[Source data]
----

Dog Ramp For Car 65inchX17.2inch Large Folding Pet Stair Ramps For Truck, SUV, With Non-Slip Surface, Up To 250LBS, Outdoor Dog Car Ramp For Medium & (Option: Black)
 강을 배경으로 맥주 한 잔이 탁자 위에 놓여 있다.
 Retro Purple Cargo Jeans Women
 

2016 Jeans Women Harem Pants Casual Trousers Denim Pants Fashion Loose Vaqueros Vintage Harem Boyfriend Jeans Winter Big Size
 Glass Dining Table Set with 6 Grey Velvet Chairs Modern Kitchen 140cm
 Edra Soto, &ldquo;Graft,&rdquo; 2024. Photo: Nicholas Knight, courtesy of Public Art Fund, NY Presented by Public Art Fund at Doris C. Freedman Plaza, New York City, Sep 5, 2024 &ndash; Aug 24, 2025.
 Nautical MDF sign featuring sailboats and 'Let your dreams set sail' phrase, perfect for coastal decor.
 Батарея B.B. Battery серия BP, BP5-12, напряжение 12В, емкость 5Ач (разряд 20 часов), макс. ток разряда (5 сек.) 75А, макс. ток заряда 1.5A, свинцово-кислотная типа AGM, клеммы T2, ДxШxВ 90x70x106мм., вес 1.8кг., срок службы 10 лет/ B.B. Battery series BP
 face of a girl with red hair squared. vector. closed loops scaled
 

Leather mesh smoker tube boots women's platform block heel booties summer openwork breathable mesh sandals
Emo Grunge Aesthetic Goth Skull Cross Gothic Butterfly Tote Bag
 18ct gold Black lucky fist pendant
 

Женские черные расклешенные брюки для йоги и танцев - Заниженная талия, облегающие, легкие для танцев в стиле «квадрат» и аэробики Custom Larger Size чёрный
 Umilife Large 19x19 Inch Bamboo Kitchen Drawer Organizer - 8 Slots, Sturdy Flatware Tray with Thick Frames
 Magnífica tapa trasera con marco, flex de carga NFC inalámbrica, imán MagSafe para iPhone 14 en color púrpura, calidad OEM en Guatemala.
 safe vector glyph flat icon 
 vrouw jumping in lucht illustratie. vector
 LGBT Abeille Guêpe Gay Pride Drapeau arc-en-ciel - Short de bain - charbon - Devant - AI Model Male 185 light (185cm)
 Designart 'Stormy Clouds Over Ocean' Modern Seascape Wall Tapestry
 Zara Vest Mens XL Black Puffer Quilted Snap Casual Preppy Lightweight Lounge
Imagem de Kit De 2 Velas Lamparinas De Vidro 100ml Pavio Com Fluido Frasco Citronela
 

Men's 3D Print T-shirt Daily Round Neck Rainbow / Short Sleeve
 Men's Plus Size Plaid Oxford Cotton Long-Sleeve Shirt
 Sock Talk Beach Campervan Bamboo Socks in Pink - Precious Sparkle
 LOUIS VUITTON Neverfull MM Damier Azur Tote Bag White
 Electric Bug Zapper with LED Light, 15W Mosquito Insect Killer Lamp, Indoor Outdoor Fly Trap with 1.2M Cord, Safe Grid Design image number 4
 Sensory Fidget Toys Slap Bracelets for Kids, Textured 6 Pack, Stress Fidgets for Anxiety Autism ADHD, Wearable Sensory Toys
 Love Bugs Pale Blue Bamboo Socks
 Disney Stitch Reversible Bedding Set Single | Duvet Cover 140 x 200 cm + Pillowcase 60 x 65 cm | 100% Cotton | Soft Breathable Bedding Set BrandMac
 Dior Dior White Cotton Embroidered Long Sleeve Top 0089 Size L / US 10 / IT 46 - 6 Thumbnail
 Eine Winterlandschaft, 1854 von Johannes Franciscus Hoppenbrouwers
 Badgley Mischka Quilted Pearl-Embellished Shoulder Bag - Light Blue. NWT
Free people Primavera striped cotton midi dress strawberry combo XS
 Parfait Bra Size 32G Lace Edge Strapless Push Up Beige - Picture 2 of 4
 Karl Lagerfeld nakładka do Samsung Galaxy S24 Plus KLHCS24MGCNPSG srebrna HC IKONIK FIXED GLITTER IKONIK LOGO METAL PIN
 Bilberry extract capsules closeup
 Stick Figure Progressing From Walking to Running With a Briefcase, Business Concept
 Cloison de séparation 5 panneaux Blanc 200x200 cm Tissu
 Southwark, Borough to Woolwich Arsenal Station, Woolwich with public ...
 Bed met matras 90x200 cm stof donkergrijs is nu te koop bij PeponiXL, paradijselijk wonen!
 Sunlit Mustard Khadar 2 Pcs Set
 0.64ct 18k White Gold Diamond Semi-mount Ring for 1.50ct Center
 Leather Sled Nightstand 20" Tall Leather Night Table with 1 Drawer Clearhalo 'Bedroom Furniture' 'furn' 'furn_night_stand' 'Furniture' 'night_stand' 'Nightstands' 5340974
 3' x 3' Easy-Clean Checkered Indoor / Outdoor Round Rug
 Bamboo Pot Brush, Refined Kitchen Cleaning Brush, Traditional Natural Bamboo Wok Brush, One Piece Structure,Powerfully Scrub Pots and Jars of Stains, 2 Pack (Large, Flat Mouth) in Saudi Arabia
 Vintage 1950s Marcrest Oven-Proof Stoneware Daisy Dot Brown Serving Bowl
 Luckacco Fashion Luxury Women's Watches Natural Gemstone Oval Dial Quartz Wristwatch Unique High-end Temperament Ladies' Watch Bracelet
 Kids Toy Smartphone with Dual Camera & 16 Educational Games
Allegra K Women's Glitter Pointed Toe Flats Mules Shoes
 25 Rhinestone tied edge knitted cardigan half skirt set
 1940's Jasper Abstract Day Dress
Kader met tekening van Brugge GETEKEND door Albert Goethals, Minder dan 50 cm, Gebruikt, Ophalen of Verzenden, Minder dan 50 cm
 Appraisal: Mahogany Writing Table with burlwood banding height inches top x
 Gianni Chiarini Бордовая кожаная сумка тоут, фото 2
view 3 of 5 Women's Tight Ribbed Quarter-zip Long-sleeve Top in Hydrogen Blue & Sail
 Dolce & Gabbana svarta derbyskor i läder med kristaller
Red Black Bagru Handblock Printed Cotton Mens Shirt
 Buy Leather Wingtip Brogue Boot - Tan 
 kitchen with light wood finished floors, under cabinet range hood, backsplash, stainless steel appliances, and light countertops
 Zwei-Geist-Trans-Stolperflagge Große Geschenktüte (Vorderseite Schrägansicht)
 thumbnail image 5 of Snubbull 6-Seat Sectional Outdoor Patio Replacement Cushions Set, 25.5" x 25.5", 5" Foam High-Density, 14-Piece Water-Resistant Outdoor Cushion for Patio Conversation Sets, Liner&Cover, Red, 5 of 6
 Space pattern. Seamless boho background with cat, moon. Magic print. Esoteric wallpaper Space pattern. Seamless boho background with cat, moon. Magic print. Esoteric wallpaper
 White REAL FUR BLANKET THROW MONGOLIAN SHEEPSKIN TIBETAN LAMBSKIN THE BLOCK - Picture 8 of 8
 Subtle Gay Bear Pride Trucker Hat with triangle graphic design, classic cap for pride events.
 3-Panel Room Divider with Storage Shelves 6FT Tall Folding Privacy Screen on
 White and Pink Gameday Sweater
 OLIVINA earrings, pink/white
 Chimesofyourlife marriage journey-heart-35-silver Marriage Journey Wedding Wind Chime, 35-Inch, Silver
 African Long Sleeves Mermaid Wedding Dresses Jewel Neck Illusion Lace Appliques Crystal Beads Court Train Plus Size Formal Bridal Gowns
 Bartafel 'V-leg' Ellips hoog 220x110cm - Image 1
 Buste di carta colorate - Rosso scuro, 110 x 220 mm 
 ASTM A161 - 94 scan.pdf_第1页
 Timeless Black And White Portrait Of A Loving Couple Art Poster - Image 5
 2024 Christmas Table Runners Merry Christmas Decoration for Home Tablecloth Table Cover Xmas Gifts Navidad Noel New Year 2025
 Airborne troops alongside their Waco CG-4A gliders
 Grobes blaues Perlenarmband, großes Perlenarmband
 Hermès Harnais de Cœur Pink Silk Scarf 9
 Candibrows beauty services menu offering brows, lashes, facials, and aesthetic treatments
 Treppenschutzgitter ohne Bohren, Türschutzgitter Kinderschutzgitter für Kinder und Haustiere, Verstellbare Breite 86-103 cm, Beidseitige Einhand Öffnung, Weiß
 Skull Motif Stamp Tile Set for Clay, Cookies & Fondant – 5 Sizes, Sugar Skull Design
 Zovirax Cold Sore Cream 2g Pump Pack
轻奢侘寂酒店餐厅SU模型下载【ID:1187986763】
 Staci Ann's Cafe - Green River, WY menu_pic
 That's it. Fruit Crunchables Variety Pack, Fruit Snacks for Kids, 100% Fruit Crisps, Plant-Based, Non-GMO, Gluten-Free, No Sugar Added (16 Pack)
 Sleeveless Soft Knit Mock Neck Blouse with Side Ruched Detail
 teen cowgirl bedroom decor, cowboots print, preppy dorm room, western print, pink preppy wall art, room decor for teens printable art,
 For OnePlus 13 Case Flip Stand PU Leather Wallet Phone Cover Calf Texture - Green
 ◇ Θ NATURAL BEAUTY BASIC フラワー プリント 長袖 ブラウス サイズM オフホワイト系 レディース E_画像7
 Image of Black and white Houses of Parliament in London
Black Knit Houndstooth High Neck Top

----

## Your task
Give back, word for word, only the lines above from the line holding "Kader met tekening" to the line holding "Chimesofyourlife marriage journey-heart-35-silver", both included.

## Answer
Kader met tekening van Brugge GETEKEND door Albert Goethals, Minder dan 50 cm, Gebruikt, Ophalen of Verzenden, Minder dan 50 cm
 Appraisal: Mahogany Writing Table with burlwood banding height inches top x
 Gianni Chiarini Бордовая кожаная сумка тоут, фото 2
view 3 of 5 Women's Tight Ribbed Quarter-zip Long-sleeve Top in Hydrogen Blue & Sail
 Dolce & Gabbana svarta derbyskor i läder med kristaller
Red Black Bagru Handblock Printed Cotton Mens Shirt
 Buy Leather Wingtip Brogue Boot - Tan 
 kitchen with light wood finished floors, under cabinet range hood, backsplash, stainless steel appliances, and light countertops
 Zwei-Geist-Trans-Stolperflagge Große Geschenktüte (Vorderseite Schrägansicht)
 thumbnail image 5 of Snubbull 6-Seat Sectional Outdoor Patio Replacement Cushions Set, 25.5" x 25.5", 5" Foam High-Density, 14-Piece Water-Resistant Outdoor Cushion for Patio Conversation Sets, Liner&Cover, Red, 5 of 6
 Space pattern. Seamless boho background with cat, moon. Magic print. Esoteric wallpaper Space pattern. Seamless boho background with cat, moon. Magic print. Esoteric wallpaper
 White REAL FUR BLANKET THROW MONGOLIAN SHEEPSKIN TIBETAN LAMBSKIN THE BLOCK - Picture 8 of 8
 Subtle Gay Bear Pride Trucker Hat with triangle graphic design, classic cap for pride events.
 3-Panel Room Divider with Storage Shelves 6FT Tall Folding Privacy Screen on
 White and Pink Gameday Sweater
 OLIVINA earrings, pink/white
 Chimesofyourlife marriage journey-heart-35-silver Marriage Journey Wedding Wind Chime, 35-Inch, Silver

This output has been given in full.